I thought we should begin this lecture on the true purpose of education by making a simple declarative sentence. The true purpose of education is to teach people the purpose of their lives here on earth. This purpose is to use the creatures that enter their lives as a means of reaching their eternal destiny in the life to come. That destiny is nothing less than entering heaven and possessing God in the perfect satisfaction of all human desires.

Needless to say, not everyone accepts this statement on the purpose of education. This is especially true of the younger generation in our country.

The disturbing fact is that millions of young American Catholics have given up their faith. Recently I spoke with the father and mother of seven children. All seven were sent to nominally Catholic schools, through high school and college, and all seven have given up their faith.

We had better take a hard look at the true purpose of education if we want even to preserve the Catholic faith among the young in our nation.

In order to identify the true purpose of education, a person must believe there is one, living infinite God:

  • must believe that God created us out of nothing

  • must believe that we have an eternal destiny which is nothing less than being reunited with the God from whom we came

  • must believe that we have a rational intellect that can know the purpose of our existence and the means of obtaining it

  • must believe that we have a free will which can choose the proper means of reaching heaven: and finally

  • must believe the we need constant help from God, called divine grace, in order to understand why we exist here on earth and choose the necessary means of arriving at our heavenly home.

In the language of Christianity, all of this may be summarized in two words, principle and foundation. It is the principle of faith from which everything in Christianity finally derives. It is the foundation of morality on which everything in our lives ultimately depends.

We can distinguish four elementary truths in which everyone should be educated. They can be expressed in four questions: Why are we created? Why are other things created? How are we to use creatures to reach heaven? Why must we pray?


Why Are We Created?

God in whom we believe must have had a divinely wise purpose for bringing us into existence. He created us to know, love and serve Him here on earth, in order to reach Him in the heaven for which we were made. The absolute foundation of true education is to recognize that except for God, we would be what we were before we were created.

We would be nothing. True education builds on the unquestioning premise that only God must exist. He is the necessary being who cannot not exist. We further believe that God created us out of sheer selfless love. He gains nothing by bringing us into existence and He gains nothing by our obedience to His will. All the benefits of our being created are on our side. God wants us to be at peace in this life because we know why we are in this world and are confident of reaching perfect happiness in the life to come.

We are to have a foretaste already in this life of the happiness that awaits us in the life to come, provided we conform our wills to the will of God.

In plain English, our eternal future depends on our present behavior. If we honestly strive to please God here and now, He will reward us by satisfying our fondest desires for happiness in the life that will never end.

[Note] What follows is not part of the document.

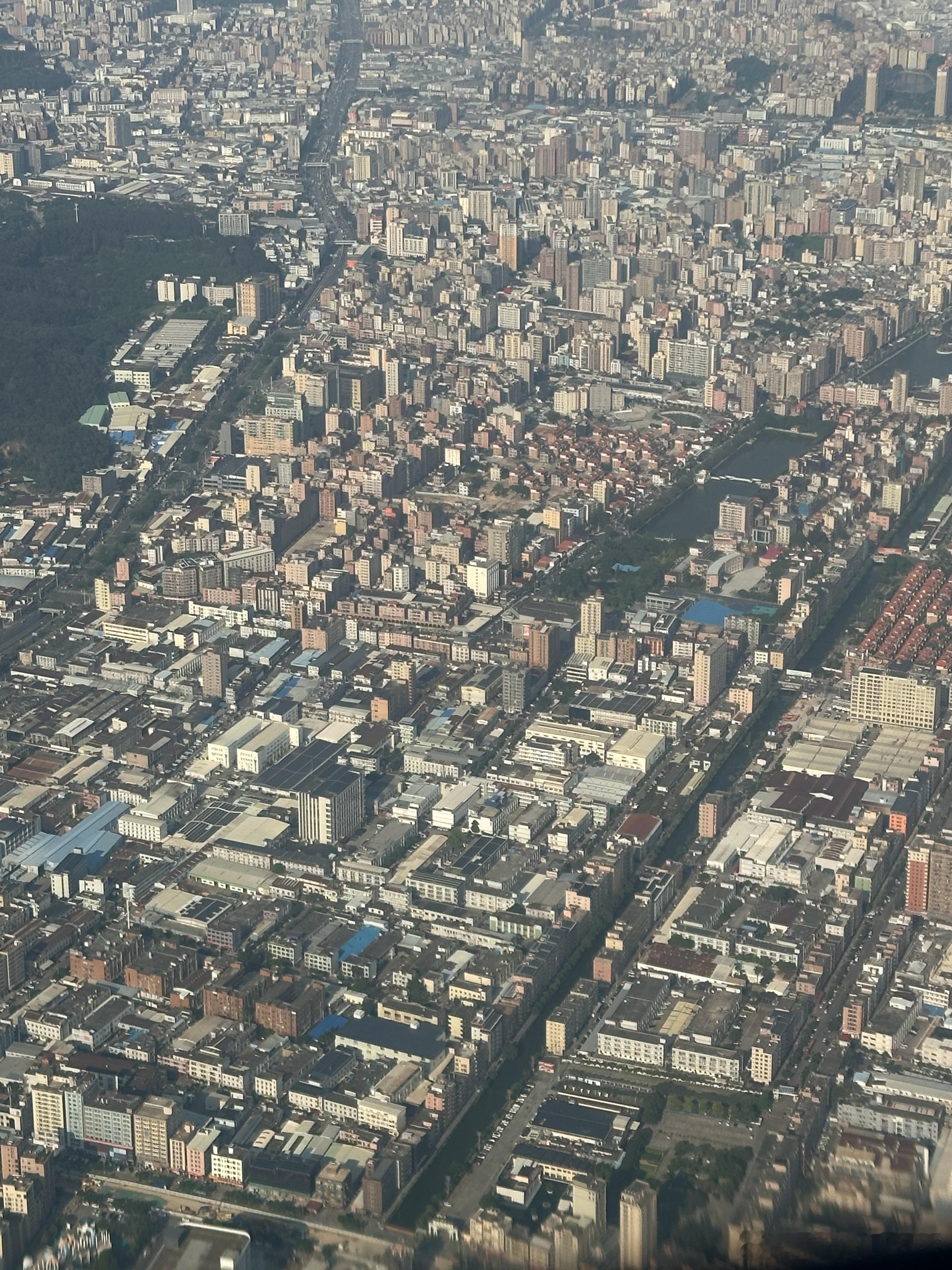 深圳·深圳四季酒店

Why Are Other Things Created?

Our purpose for existence is to know the God from whom we came and how we are to return to our Creator. You might say this is the first premise of true education. All around us there is widespread confusion. Part of that confusion is because people do not really know why they are on earth at all. The key word in answering the question of what is true education is the word “eternity”. We are now living in time, but the goal of our existence is not time but eternity. As we approach our second question, “Why are other things created.” There can be only one rational answer. We cannot reach heaven without the necessary means of getting there. That is why the rest of the world exists, to enable us to achieve a happy eternity.

There is no limit to these other things on the face of the earth that are to help us reach our eternal destiny. They are literally every person, place, or thing; every pleasure and pain; every circumstance in which we find ourselves; every thought and desire; every sight and sound – all of these are intended by God to be so many graces leading us to eternal beatitude.

If there is one basic truth to education, it is the fact that nothing in our lives ever happens. There is no such thing as chance with God. What we call Divine Providence is the mysterious will of God by which He provides for us to reach Him, in whom alone our hearts can find the happiness for which we were made.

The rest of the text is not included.